Winning the Game of Online Dating
Finding love in cyberspace may be easier than you think.
Posted Aug 17, 2018
A recent article in The Atlantic details a study by Elizabeth Bruch, a professor of sociology at the University of Michigan. In it, she details the online dating phenomena of “outkicking your coverage”- that is, seeking partners who are significantly more desirable than you are. She finds that most online daters seek partners that are at least 25% more desirable based on individuals’ messaging and response rates, a strategy that has an abysmal success rate. Among other depressing findings, at least for many of us, are that women’s online desirability peaks at age 18 (compared to age 50 for men!,) that white men and Asian American women are viewed as most desirable, and that, for women, education has diminishing returns as those who have post-graduate degrees are seen as less attractive than those with less education. Such findings make it seem like our chances of finding love in cyberspace are impossible, especially for highly educated women. This trope – that highly educated women are unlucky in love, or that men are unwilling to partner with smart, highly educated women – while constant, is not supported by the evidence.
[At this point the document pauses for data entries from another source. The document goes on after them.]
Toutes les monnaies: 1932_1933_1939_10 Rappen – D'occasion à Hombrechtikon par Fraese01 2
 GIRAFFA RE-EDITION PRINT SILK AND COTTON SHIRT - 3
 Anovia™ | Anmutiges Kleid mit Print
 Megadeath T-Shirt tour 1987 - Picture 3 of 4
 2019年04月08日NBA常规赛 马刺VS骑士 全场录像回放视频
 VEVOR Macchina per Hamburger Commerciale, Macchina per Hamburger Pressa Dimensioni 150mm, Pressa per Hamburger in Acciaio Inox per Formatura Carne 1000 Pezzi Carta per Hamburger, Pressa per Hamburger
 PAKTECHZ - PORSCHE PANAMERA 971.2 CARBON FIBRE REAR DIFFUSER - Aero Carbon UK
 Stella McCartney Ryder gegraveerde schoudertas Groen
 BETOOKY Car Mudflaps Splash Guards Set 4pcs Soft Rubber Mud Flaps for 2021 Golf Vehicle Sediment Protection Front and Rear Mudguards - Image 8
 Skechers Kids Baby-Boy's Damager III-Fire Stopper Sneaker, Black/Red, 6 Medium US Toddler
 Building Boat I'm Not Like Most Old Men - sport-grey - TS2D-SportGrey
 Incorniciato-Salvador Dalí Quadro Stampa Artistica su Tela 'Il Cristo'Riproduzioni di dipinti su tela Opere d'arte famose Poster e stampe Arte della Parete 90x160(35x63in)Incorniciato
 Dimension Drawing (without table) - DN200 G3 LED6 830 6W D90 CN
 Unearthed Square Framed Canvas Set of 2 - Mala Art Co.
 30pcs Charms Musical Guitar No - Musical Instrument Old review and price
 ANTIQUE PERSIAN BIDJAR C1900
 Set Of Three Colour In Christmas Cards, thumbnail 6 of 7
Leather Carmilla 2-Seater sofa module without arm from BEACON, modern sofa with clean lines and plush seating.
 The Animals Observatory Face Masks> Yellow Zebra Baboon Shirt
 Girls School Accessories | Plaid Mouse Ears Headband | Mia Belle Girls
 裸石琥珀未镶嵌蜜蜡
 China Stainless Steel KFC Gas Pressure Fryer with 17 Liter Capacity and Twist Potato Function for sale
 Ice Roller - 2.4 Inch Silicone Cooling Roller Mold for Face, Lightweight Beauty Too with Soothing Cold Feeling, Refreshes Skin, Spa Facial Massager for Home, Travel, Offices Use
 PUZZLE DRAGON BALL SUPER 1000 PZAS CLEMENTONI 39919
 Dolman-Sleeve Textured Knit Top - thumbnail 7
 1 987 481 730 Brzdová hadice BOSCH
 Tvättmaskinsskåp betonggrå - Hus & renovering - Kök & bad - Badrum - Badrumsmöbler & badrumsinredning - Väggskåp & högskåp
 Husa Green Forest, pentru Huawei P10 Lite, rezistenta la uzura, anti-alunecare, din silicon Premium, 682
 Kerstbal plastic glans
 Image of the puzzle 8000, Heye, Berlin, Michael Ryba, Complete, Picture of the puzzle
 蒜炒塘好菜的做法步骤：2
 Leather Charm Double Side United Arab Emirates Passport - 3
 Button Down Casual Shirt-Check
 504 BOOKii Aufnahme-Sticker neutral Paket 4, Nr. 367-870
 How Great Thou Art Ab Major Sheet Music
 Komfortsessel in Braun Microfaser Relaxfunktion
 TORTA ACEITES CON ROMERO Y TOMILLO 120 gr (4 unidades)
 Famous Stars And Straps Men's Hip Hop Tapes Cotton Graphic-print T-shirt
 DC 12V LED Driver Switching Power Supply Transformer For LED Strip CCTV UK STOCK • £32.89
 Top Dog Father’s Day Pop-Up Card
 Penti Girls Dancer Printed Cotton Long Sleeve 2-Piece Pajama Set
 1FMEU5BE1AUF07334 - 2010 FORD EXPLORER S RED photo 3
In fact, in recent years, it is those with a college degree – women as well as men – who are most likely to get married and stay married. In the past, more studious women were less likely to tie the knot. In 1950, only 67% of women with a college degree had ever married by age 55, compared with 93% of women with less than a college degree; there was no such gap between more and less educated men. But in the ensuing decades, a woman with an education became not only more common, but more desirable. Men increasingly view a partner’s ability to contribute economically imperative, and women with a college degree are best able to bring home the bacon, sometimes more than their male counterparts – even if the couple won’t admit it. For today’s young adults, economic attractiveness of women as well as men are important attributes for prospective mates.
So what to make of studies showing that women fare less well on internet dating sites than do men? While the internet clearly has become more popular as a venue for meeting partners, not all who are exploring dating apps are focused on forming relationships. Nancy Jo Sales, in a popular Vanity Fair article, described dating apps as “The Dating Apocalypse,” enabling men in cities with unequal sex ratios to call the terms of interaction, which generally resulted in sex without strings. Many couples do, however, meet via dating apps and go on to engage in relationships – but there is a great deal of variation in who searches on-line for love.
So, for those seeking love in cyberspace, what advice can we take away from the research? First, be clear about what you’re looking for in the relationship. For about a third of the couples we interviewed who met online, their initial purpose was to find a sexual partner, not a romantic one. For the couples we talked to, these unions, which were initially casual, blossomed into something more. While this is not unusual and can be a step in relationship progression, others intentionally went looking for love. As long as partners are on the same page about their expectations, each individual is likely to be more satisfied with how the union unfolds.
Next, look for partners with whom you already share an interest. Specialty dating sites such as those for Jewish singles, those seeking a rural partner, or ones that cater to older adults can provide some of this initial filtering. However, the absence of a shared social network means that couples who meet online enter their relationships with less in common. Still, by seeking out people who have similar interests (be it sports, music, politics, or any number of topics) it is easier to facilitate conversation.
Finally, build trust, but be wary of over-disclosure, especially in the early stages of the relationship. The relative anonymity of cyberspace facilitated deeper discussions than, say, sitting across from one another at a restaurant table on a first or second date might have. Whether emailing, chatting online, or texting, it seemed to be easier for some couples to get close quickly because they talked about things they might not otherwise have if they had met in person. But, just as this strategy pushes some relationships along, it can also make “ghosting”, when one partner simply cuts off all communication, easier. Getting too close, too quickly while never having met face-to-face makes ending the relationship an appealing prospect for some. If the relationship seems to have potential, go ahead and meet in person, sooner rather than later.
While dating can be intimidating, and studies like the one profiled above can make it seem rigged, it is important to remember that people find love every day. Online dating can be a pathway to successful unions, particularly if individuals are clear about their initial expectations for the relationship, seek out others with shared interests, and transition the union offline relatively quickly. And, importantly, seeking out partners who have similar characteristics as you do rather than being overly prescriptive or consistently trying to “punch above your weight” can be a key to winning the game of love in cyberspace.